RECORDED INFORMATION:
■ ■ ■ ■ ■

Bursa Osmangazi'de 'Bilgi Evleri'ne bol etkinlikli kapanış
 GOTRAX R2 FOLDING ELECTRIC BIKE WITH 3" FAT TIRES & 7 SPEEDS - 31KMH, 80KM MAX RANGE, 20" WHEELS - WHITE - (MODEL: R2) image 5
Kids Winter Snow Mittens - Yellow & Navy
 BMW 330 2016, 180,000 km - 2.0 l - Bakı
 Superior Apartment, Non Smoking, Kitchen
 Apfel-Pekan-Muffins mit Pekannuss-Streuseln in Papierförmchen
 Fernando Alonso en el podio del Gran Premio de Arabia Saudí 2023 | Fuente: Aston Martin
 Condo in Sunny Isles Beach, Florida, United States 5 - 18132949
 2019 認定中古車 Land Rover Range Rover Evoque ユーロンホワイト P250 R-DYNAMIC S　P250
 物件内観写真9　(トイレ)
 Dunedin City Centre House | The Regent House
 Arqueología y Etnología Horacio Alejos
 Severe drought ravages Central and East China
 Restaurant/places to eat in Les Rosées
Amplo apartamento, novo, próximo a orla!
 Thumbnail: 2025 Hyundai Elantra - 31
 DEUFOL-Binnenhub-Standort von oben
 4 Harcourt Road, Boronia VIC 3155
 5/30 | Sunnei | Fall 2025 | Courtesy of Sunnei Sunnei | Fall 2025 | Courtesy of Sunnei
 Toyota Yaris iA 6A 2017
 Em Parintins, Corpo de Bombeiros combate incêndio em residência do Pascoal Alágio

■ ■ ■ ■ ■

PROBLEM STATEMENT:
Return each line exactly, beginning at the start of the material above and ending at the line that includes "Severe drought ravages", with both of those kept.

RESULT:
Bursa Osmangazi'de 'Bilgi Evleri'ne bol etkinlikli kapanış
 GOTRAX R2 FOLDING ELECTRIC BIKE WITH 3" FAT TIRES & 7 SPEEDS - 31KMH, 80KM MAX RANGE, 20" WHEELS - WHITE - (MODEL: R2) image 5
Kids Winter Snow Mittens - Yellow & Navy
 BMW 330 2016, 180,000 km - 2.0 l - Bakı
 Superior Apartment, Non Smoking, Kitchen
 Apfel-Pekan-Muffins mit Pekannuss-Streuseln in Papierförmchen
 Fernando Alonso en el podio del Gran Premio de Arabia Saudí 2023 | Fuente: Aston Martin
 Condo in Sunny Isles Beach, Florida, United States 5 - 18132949
 2019 認定中古車 Land Rover Range Rover Evoque ユーロンホワイト P250 R-DYNAMIC S　P250
 物件内観写真9　(トイレ)
 Dunedin City Centre House | The Regent House
 Arqueología y Etnología Horacio Alejos
 Severe drought ravages Central and East China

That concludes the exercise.